In future students will enter a specific university or school, follow a preliminary year and subsequently be able to choose the course they wish to follow. They will no longer participate in the management of the university where they study, a change which student unions and academics have condemned as retrograde and undemocratic.
Papandreou said: "Students will have a wider choice while the institutions will be able to develop their own courses and develop their own degrees."
Non-academic managers will assume responsibility for the running of the institutions, including some duties currently carried out by the Education Ministry such as financial management, the payment of salaries to academic and non-academic staff and attracting sponsors. Rectors will be appointed or selected after international competition and will be firmly restricted to academic matters.
In line with the government's intentions and the behests of the country's creditors (the International Monetary Fund, European Union and the European Bank) non-viable courses and institutions as well as those located close to each other or with similar orientation will either close or merge.

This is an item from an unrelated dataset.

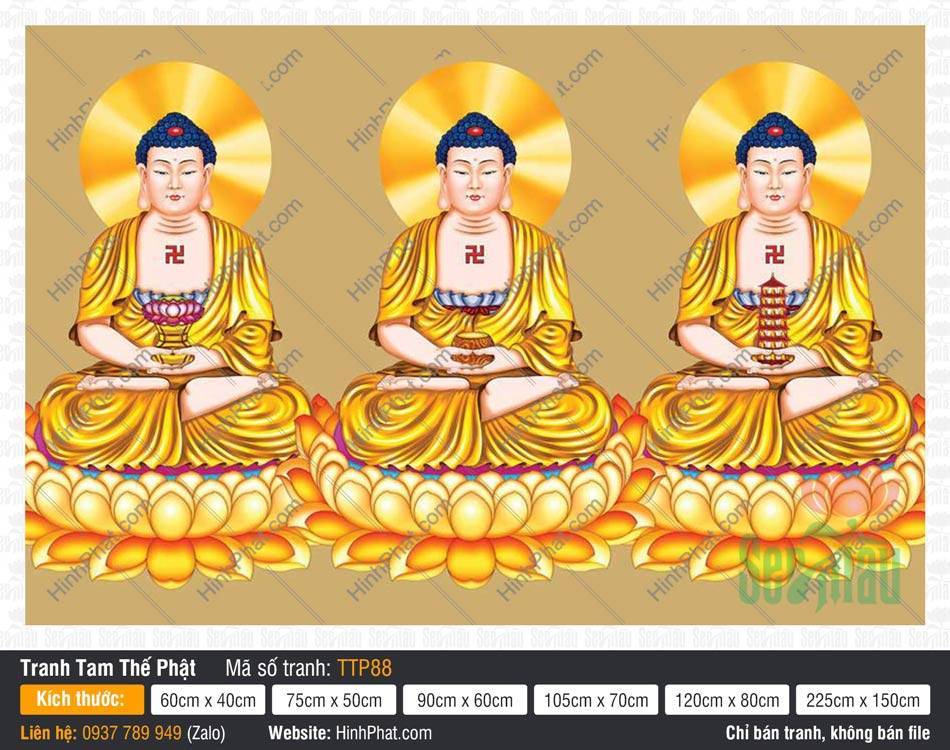 Hình Tam Thế Nhất Thiết Chư Phật TTP88 Hình Tam Thế Nhất Thiết Chư Phật TTP88 ba vị đồng khoác y phục màu vàng tỏa hào quang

The institution's management committee, with the participation of academics as well as individuals outside the academic community, will be responsible for the overall running of the university and its first priority would be to attract new sources of income.
The Senate Committee will be composed of personalities from within and outside the academic community and will only have supervisory responsibility. Assessment by internal and external assessors will take place at every stage of the institutions' operations. Institutions and courses will be certified by the assessors and funding will be subject to assessment.
Agreements based on special criteria such as performance, efficiency, productivity and returns on investment will affect funding. The number of students, degrees, success in the labour market and research achievement will also be taken into consideration.
Institutions will be run by independent financial committees, while services provided by the institution such as catering and rooms will be opened to the private sector.
Students will be issued with cards for access to these services. A new system of grants and scholarships is proposed as well as a student loans system in cooperation with the banks.
The emphasis on private finance follows a recent 33% cut in the finances of the institutions and signals a first step towards the bypassing of article 16 of the Constitution which ensures the state nature of education; it is considered a first step towards the privatisation of higher education.
The reaction of the academic community to the reforms, which were unveiled late last month, was rather muted. But a number of distinguished academics and university rectors have expressed reservations.
Giannis Mylopoulos, Rector of the Aristotle University of Thessaloniki, said: "Universities are unable to operate with a 40% reduction in their budget and we appeal to the government to exclude higher education from the programme of recession."
Students have already expressed their opposition to the government's plans.